After my son left, it took two years to write the first novel. I revised and revised, and wrote to over a hundred agents and many publishing houses without success. 

My next novel, The Year of the Child, took five years because in the middle of writing it I took in two foster children – talk about midnight worrying! I had a fancy New York agent for that one, who sent it to all the big houses.

They all rejected it, and she suggested I turn it into a young adult novel. I considered this carefully, but this was a book about motherhood. I had 13-year-old Leanne and her baby, Leanne’s mother and her struggles, the woman who took Leanne in and had a complicated relationship with her grown daughter, and that daughter’s own harried young motherhood. They all mattered to me, and I wasn’t willing to focus only on Leanne. Instead, I began a new novel, and sent The Year of the Child to many small houses. Each rejection took many months. 

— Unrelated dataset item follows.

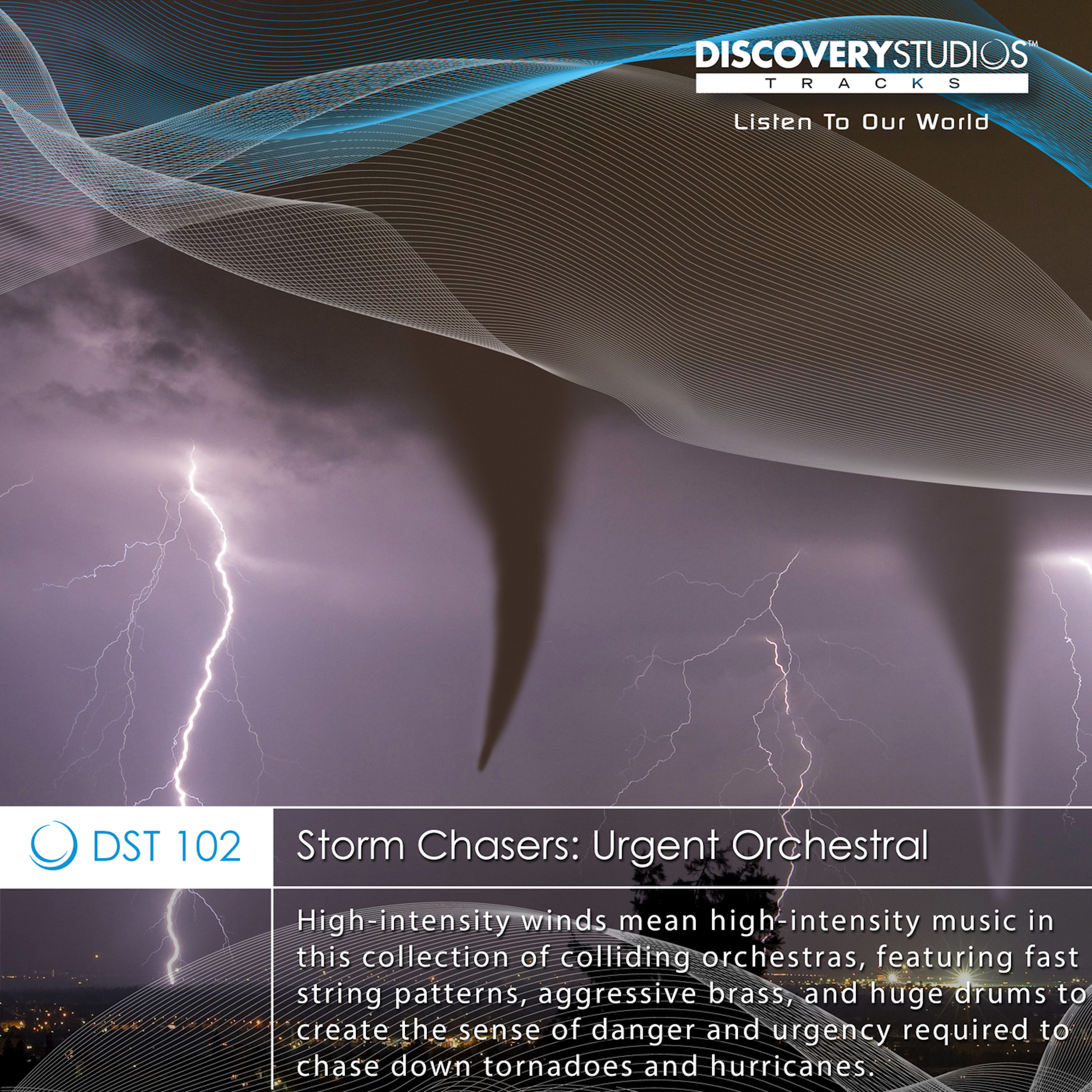 Storm Chasers: Urgent Orchestral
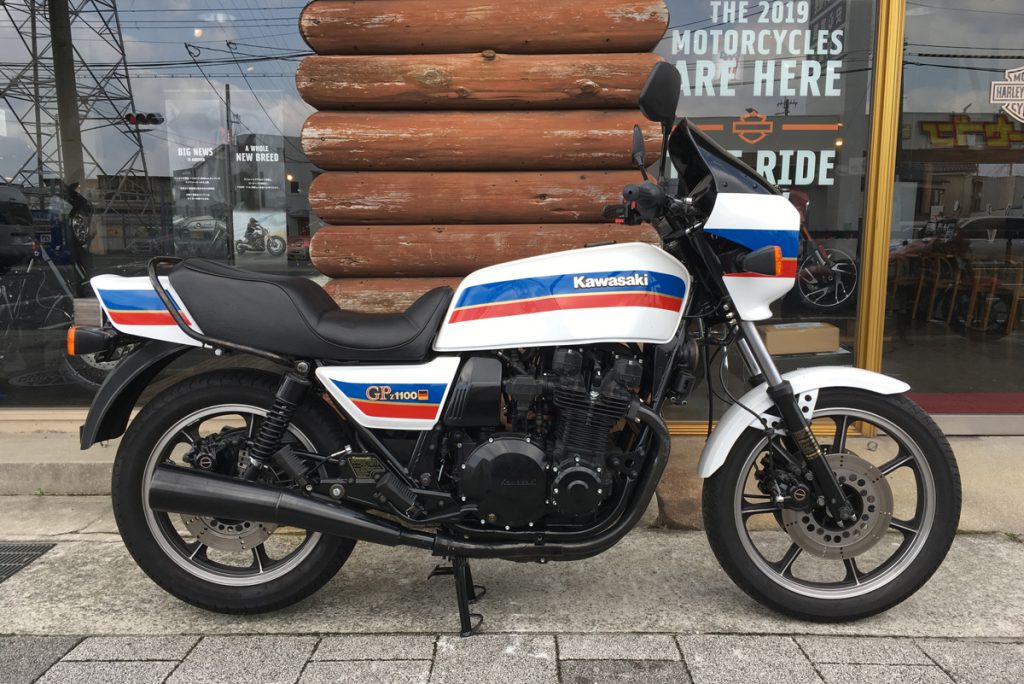 kawasaki z1100gp 中古車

I wrote sixteen drafts of my third novel, Seeing the Edge. I changed the tense, switched from first person to third, created and removed a diary, and after the fourteenth draft, killed off the husband instead of the wife. 

My fourth novel is still in progress. At first it was about a woman who finds her late mother’s diary and imagines her life, while the mother contradicts her from heaven. Then it became the story of the woman’s youth in the 1960’s. I finally settled on the story of her parents’ long marriage, beginning in 1946. I’ve been writing it for twelve years. The couple now has teenage children, the husband’s writing career is stagnant, and the wife is secretly embarking on her own writing. 

Sixteen years ago I retired; seven years later we adopted our granddaughter. I put the novel down, but started a blog to keep my writer alive as I adjusted to motherhood. 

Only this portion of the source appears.